### EXERCISE INPUTS:
☆ ☆ ☆ ☆ ☆
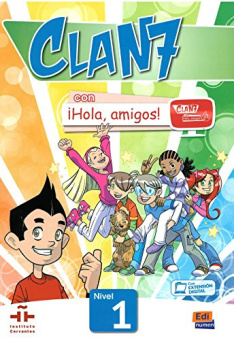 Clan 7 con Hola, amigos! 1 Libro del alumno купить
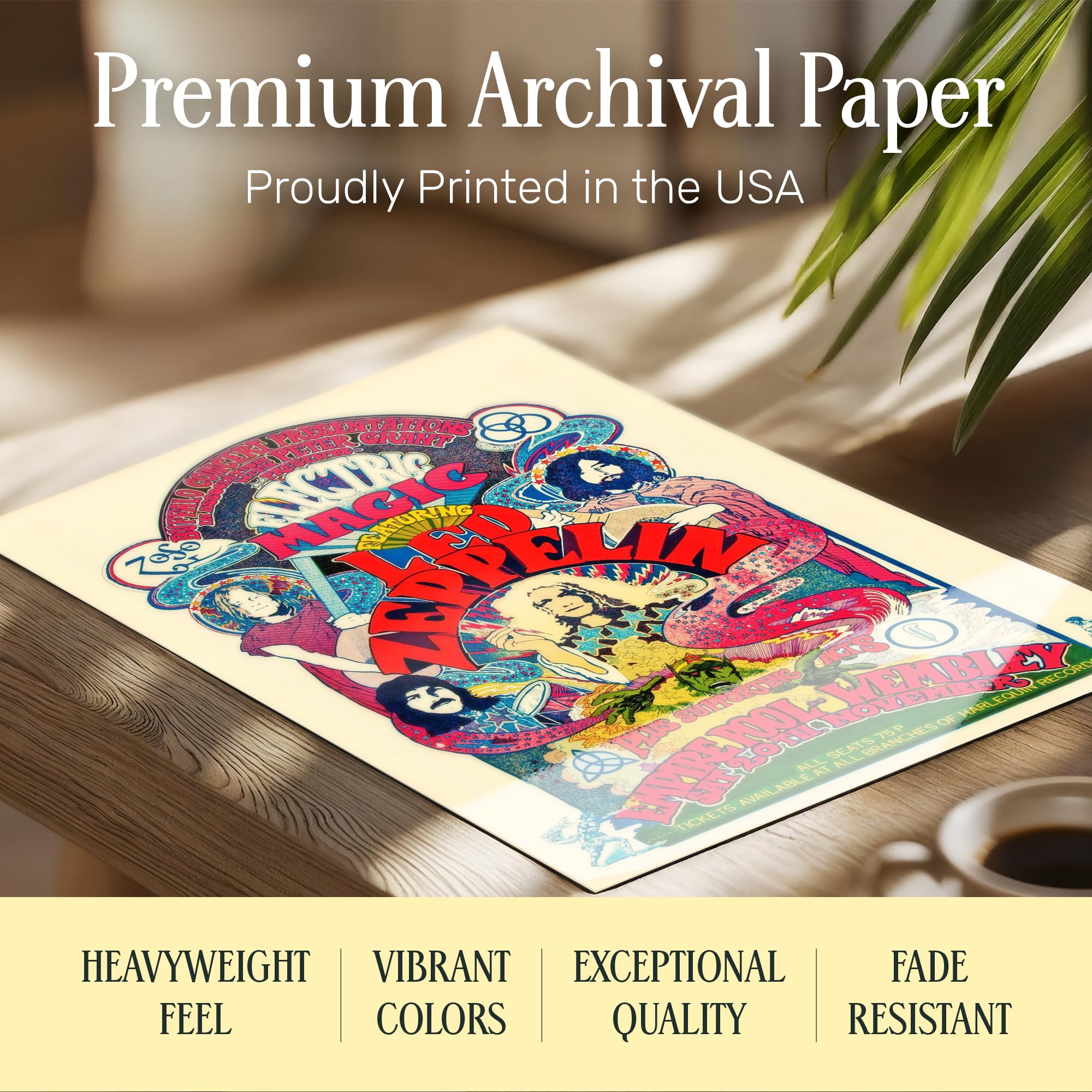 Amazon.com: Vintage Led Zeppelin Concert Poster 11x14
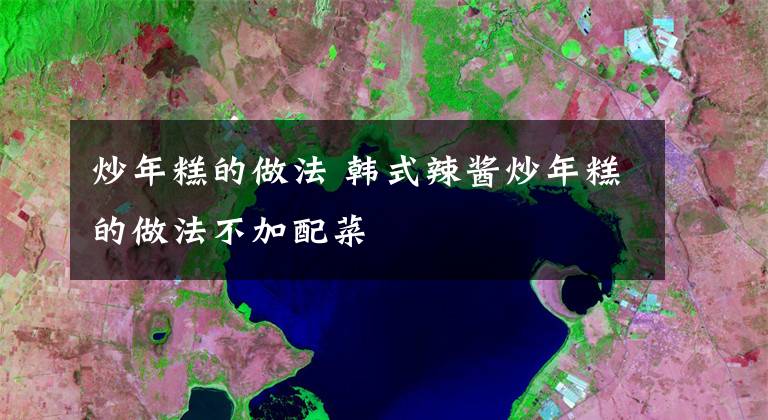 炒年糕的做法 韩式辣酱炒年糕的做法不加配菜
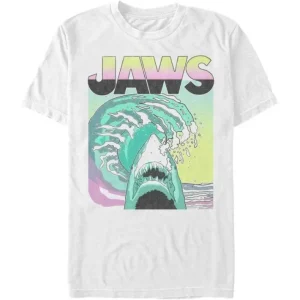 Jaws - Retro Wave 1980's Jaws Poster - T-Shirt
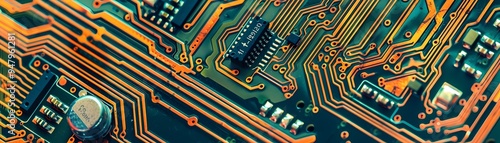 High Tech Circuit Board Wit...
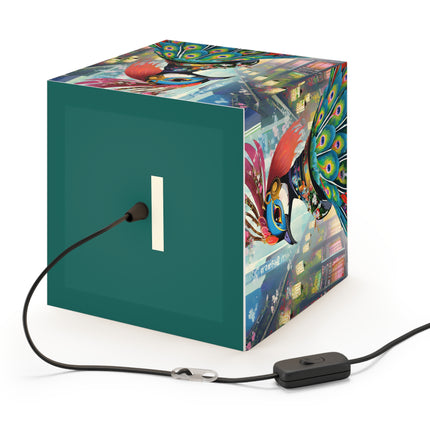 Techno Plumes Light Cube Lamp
☆ ☆ ☆ ☆ ☆
### WHAT NEEDS TO BE DONE:
No pictures belong in the copy. Return exactly the lines from the line containing "High Tech Circuit Board Wit..." through the last line of the listing.

### RESPONSE:
 High Tech Circuit Board Wit...
 Techno Plumes Light Cube Lamp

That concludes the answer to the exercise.